Zwischen 1990 und 2014 hat sich die Zersiedelung weltweit fast verdoppelt (95 Prozent). In den beliebten Fussballfeldern gerechnet: Pro Stunde wird die Fläche von mehr als 160 Fussballfedern bebaut. Dies haben Forscher des Leibniz-Instituts für ökologische Raumentwicklung in Dresden und der Concordia University in Montréal mit Hilfe von Satellitendaten berechnet.
Weitet man den Blick zeitlich, sieht es so aus: Zwischen 1975 und 2014 wurde mehr Fläche zugebaut als in allen Jahrtausenden zuvor, in denen der Mensch Siedlungen aus dem Boden stampfte.
Besonders eindrücklich schreitet die Zersiedelung in den ohnehin bereits stark verbauten europäischen Staaten voran, was die Forscher überraschte. Sie nahmen an, dass vor allem in China und Indien die Städte wachsen. Das tun sie auch. Aber eben weniger als in Europa, das beim Wachstum an der Spitze steht, gefolgt von Nordamerika, Ozeanien, Afrika, Asien und Südamerika.
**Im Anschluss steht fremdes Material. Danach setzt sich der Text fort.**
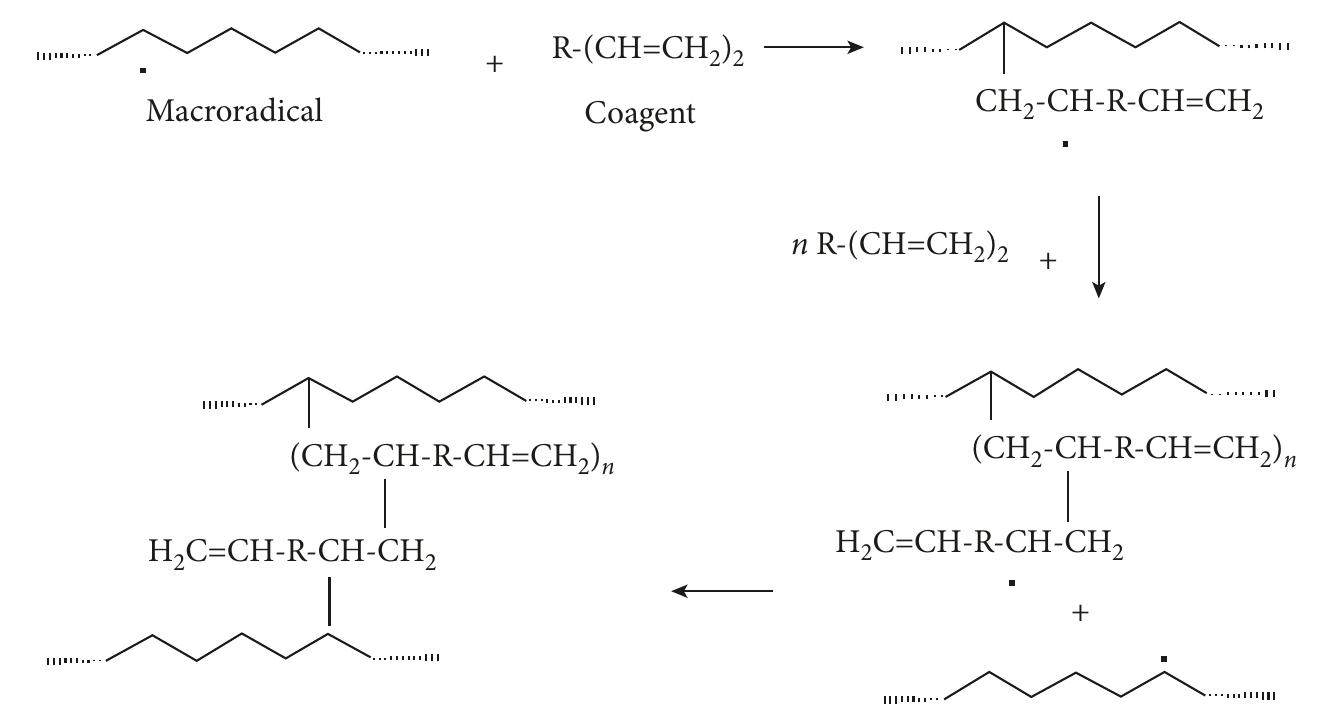 Reaction mechanism of co-agents with rubber chains during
Pro Kopf ist die Zersiedelung in Ozeanien am höchsten (hier allerdings mit abnehmender Tendenz seit 1990), noch vor Nordamerika und Europa.
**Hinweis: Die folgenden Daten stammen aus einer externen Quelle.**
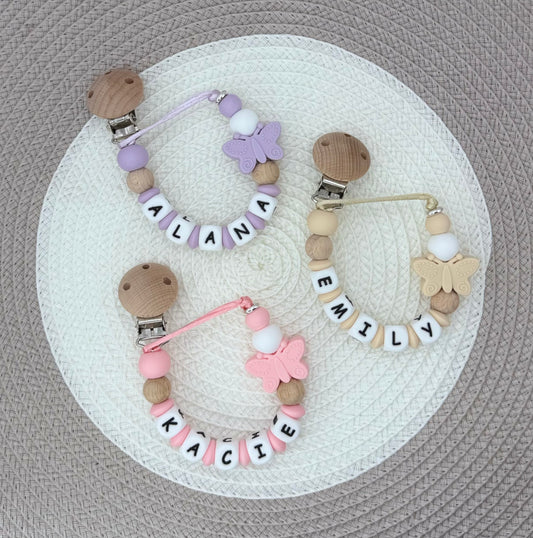 Personalised Butterfly Dummy Clip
In Europa sind es vor allem westeuropäische Staaten, die zugepflastert werden (Niederlande, Belgien, Luxemburg). Die Schweiz gehört zwar zu einem der am stärksten zersiedelten Länder der Welt (Platz 8). Beim Wachstum in den vergangenen Jahren und der Zersiedelung pro Kopf belegt sie etwas weiter hinter liegende Plätze (13. bzw. 19.).
Die Siedlungsentwicklung ist weltweit gesehen also alles andere als nachhaltig. Um den Trend zu kehren, empfehlen die Forscher altbekannte, aber eben zu wenig umgesetzte Rezepte: bessere Regulierung, Anreize, die dem Landfrass entgegenwirken, Ausbau des öffentlichen Verkehrs bei gleichzeitiger Reduktion der Abhängigkeit vom Privatauto, Verdichtung statt weiterer Ausbau von Vororten.
Wie gesagt: Man wüsste ja eigentlich, was zu tun wäre.